- Abbreviation: NCAR (English) НКАР (Russian)
- Leader: Viktor Pokhmelkin Boris Fyodorov Leonid Olshansky
- Founded: 7 September 2003
- Registered: 15 September 2003
- Dissolved: 9 December 2003
- Headquarters: 16th building, Neglinnaya Street, Moscow, Russia
- Ideology: Liberalism Liberal conservatism Drivers' rights Anti-militarism
- Political position: Centre-right
- Member parties: Liberal Russia Republican Party of Russia Movement of Drivers of Russia Party of Economic Freedom
- Colours: Blue
- Slogan: «State for the people, not people for the state!» (Russian: «Государство для людей, а не люди для государства!»)
- Seats in the 3rd State Duma: 1 / 450

Party flag

Website
- autorus.ru

= New Course — Automobile Russia =

Electoral alliance in Russia

The New Course — Automobile Russia (NCAR; Новый курс — Автомобильная Россия; НКАР; Novyy kurs — Avtomobilnaya Rossiya, NKAR) was an electoral bloc in the 2003 State Duma elections. Orientation - opposition to the president, against the war in Chechnya. The bloc's pre-election slogan: "The state is for the people, not the people for the state!"

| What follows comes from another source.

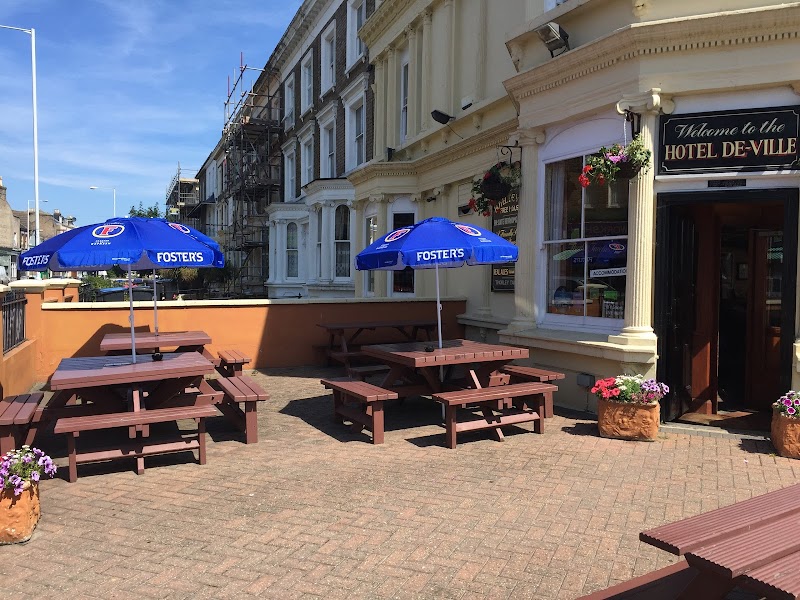 Hotel de Ville in Ramsgate, United Kingdom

The bloc was formed by the political parties Liberal Russia and Republican Party of Russia, as well as the all-Russian public movement "Movement of Drivers of Russia". The block leader was Viktor Pokhmelkin. Particular emphasis in the bloc's election program was placed on protecting the rights of car owners. The program included a statement that the bloc was opposed to the “predatory” compulsory “auto-citizenship”, which, in the bloc's opinion, was another extortion. The bloc also opposed the "unfair" transport tax, as well as against the increase in customs duties on cars. In addition, the electoral bloc supported the restriction of labor immigration from Central Asian countries.

The top three on the electoral list were Viktor Pokhmelkin, well-known politician and manager Boris Fyodorov, and lawyer Leonid Olshansky; the party list in Moscow was headed by Konstantin Borovoy, in Saint Petersburg - by Sergei Vivatenko. The party has nominated its candidates in 12 single-member constituencies.

According to the results of the elections, the bloc won 0.84% of the votes of those who voted; at the same time, Pokhmelkin was elected to the State Duma in the Sverdlovsky single-mandate district (Perm).